:: TASK BRIEF ::
An exact copy of every entry is required, minus the pictures.

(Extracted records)
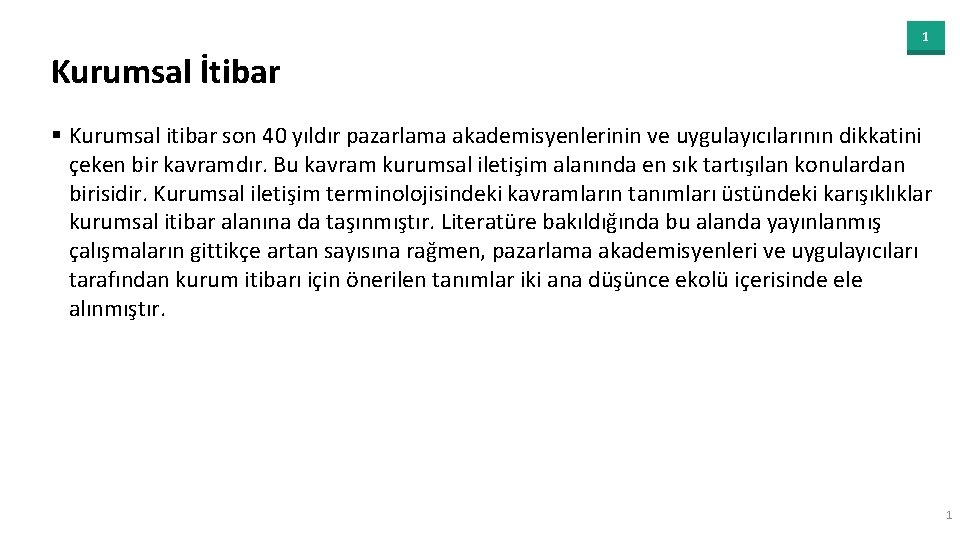 1 Kurumsal İtibar § Kurumsal itibar son 40 yıldır pazarlama akademisyenlerinin ve uygulayıcılarının dikkatini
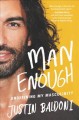 Go to record Man enough : undefining my masculinity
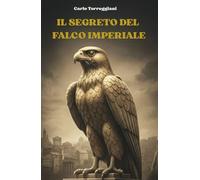 Il segreto del falco imperiale: Un avvincente romanzo di intrighi, codici segreti e poteri oscuri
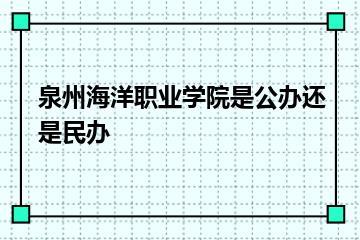 泉州海洋职业学院是公办还是民办？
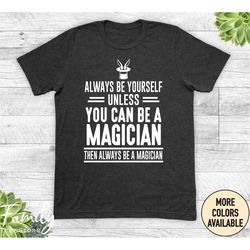 always be yourself unless you can be a magician then always be a magician, unisex shirt, magician shirt, magician gift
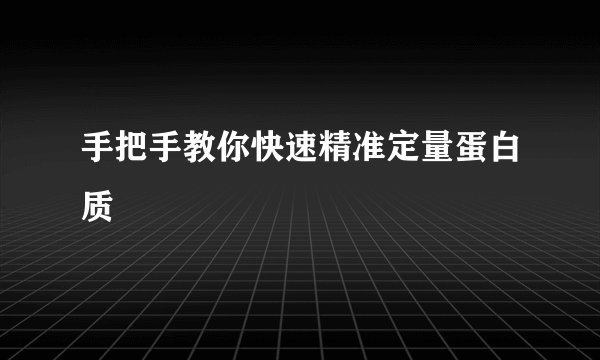 手把手教你快速精准定量蛋白质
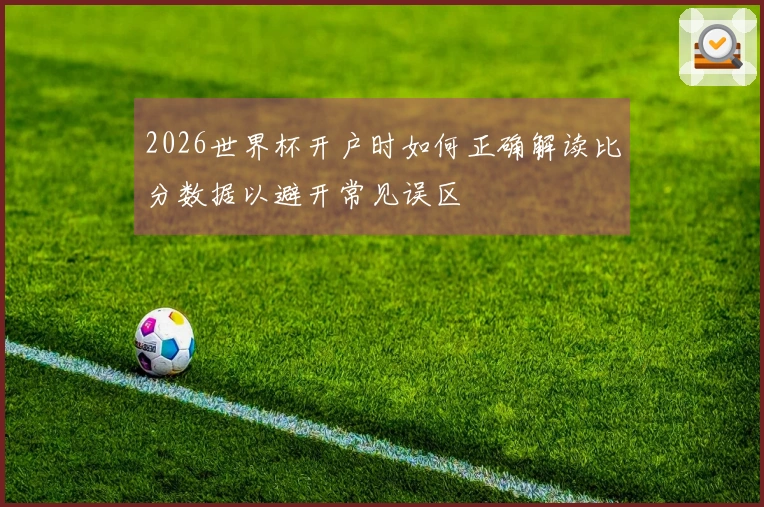 2026世界杯开户时如何正确解读比分数据以避开常见误区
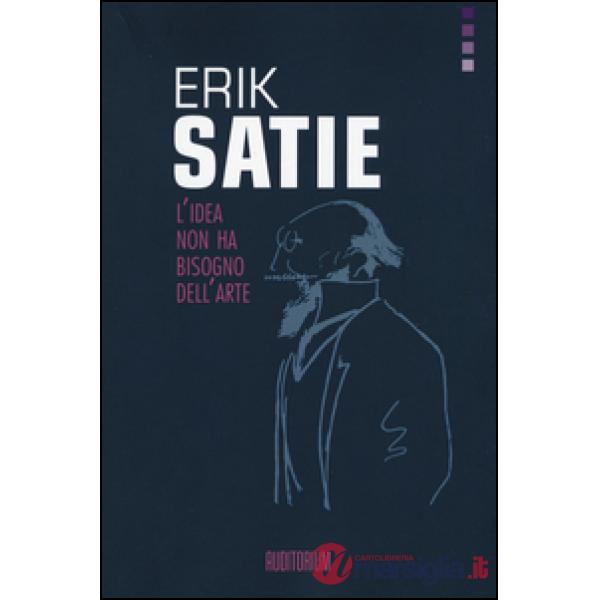 Erik Satie. L'idea non ha bisogno dell'arte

:: EXERCISE ANSWER ::
 1 Kurumsal İtibar § Kurumsal itibar son 40 yıldır pazarlama akademisyenlerinin ve uygulayıcılarının dikkatini
 Go to record Man enough : undefining my masculinity
 Il segreto del falco imperiale: Un avvincente romanzo di intrighi, codici segreti e poteri oscuri
 泉州海洋职业学院是公办还是民办？
 always be yourself unless you can be a magician then always be a magician, unisex shirt, magician shirt, magician gift
 手把手教你快速精准定量蛋白质
 2026世界杯开户时如何正确解读比分数据以避开常见误区
 Erik Satie. L'idea non ha bisogno dell'arte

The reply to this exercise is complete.